Da standen wir nun in der lauen Bielefelder Nachtluft, die Menschen strömten durch die großen Türen des Stadttheaters an uns vorbei, hinter uns rauschten die Stadtbahnen. Meine Kollegin und ich waren’s zufrieden und hatten eine gute Vorstellung „Don Karlos“ hinter uns, wenn auch unerwartet modern, doch gerade das sollte unseren Schülern entgegengekommen sein. Oder?

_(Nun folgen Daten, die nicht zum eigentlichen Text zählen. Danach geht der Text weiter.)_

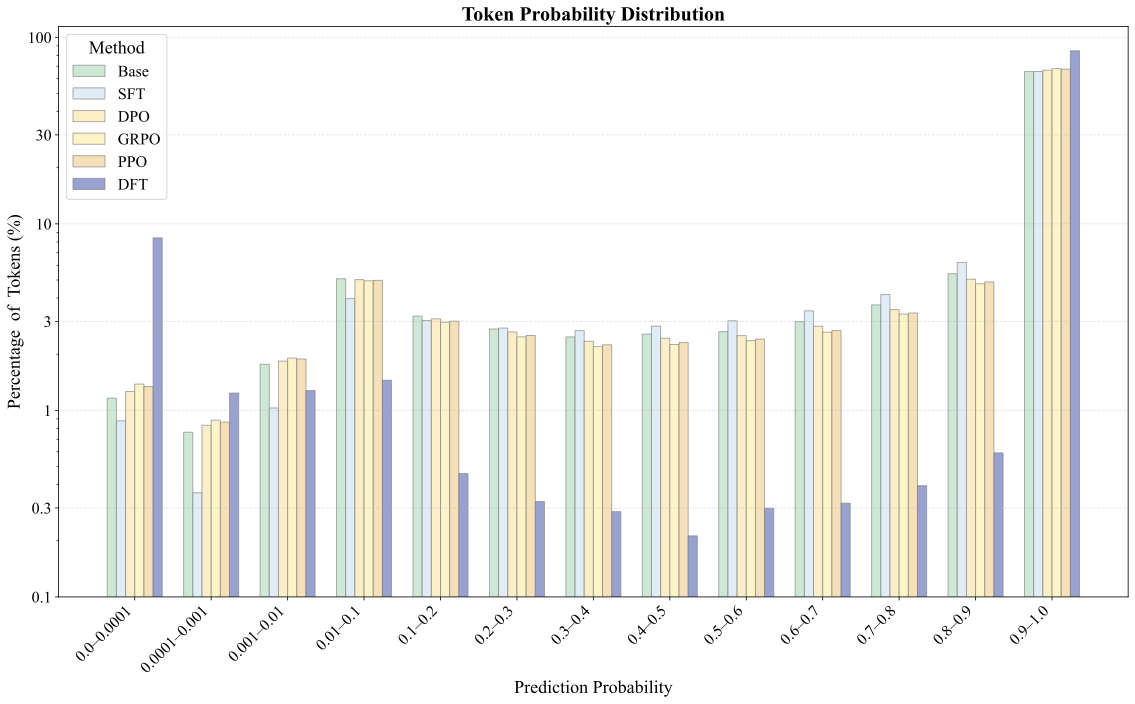 Token distribution analysis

Bestimmt waren es nicht die verzerrte Gitarrenklänge, zwischen einigen Aufzügen eingebracht, die mein gitarrenverliebtes Ohr als rückwärtsgespieltes Tapping erkannte, psychedelisch und verstörend, während sich die drehbare Bühne bewegte und dem Betrachter neue Räume eröffnete. Bestimmt nicht das „Blablabla“, das die Schauspieler mitunter lautstark einwarfen und so lange Dialoge abkürzten.
Vielleicht waren es die Kostüme. Ein Schüler beschrieb die Figuren als aus einem Mafia-Film der 50er-Jahre entsprungen. Unrecht hatte er da nicht. König Philip wirkte in seinem silbergrau glänzenden Anzug wie ein Wirtschaftsboss, vielleicht auch ein wenig wie ein Pate. Seine Schergen Alba und Domingo in ihren schwarzen Anzügen und mit Albas Pistolenholster wie brutale Mafiosi. Posa dagegen schien wie ein Stadtstreicher, wie ein abgerissener Halunke, ein Möchtegern-Punk, in seinem olivfarbenen Unterhemd, der wirren Frisur und dem Fell auf der Schulter.
Vielleicht war es die Körperlicheit der Inszensierung. Wenn Männer sich freundschaftlich und inniglich küssten, wenn Karlos ins Gemach der Eboli eindrang, mit dieser eng umschlungen unzüchtig auf den Boden stürzte; wenn der König seinen nicht mehr jungen Oberkörper entblößte oder wenn die Eboli von Alba und Domingo sexuell genötigt wurd.
Vielleicht waren es die, trotz Kürzungen, immer noch langen Dialoge, die Konzentration und Aufmerksamkeit verlangten, wollte man ihnen folgen. Vielleicht brauchte es dafür manchmal Sentenzen wie Ebolis „Ich habe deinen Mann gefickt“, um die Schüler von Zeit zu Zeit zu wecken und zu entsetzen.
Vielleicht war es auch einfach der Wunsch, den „echten“ Schiller zu sehen, in klassischen Kostümen, in ganzer Pracht, in kunstvoll gestelzter Sprache, dem hohen Ton; vielleicht der Wunsch, Theater zu sehen, das edel und rein ist, frei vom Staub und Schmutz des Alltags. Eine Phantasiewelt, die von untergegangenen Königreichen erzählt, irgendwann in einer fernen Vergangenheit, in der es wundervolle Kleider gab und in der wunderschöne feine Damen und Herren Intrigen spannen, um Freundschaft, Macht und Freiheit rangen.
Reichlich Applaus gab es trotzdem. Und wir haben Montag reichlich Diskussionsstoff. Auch wenn die Rückmeldungen bislang eher von Enttäuschung berichteten.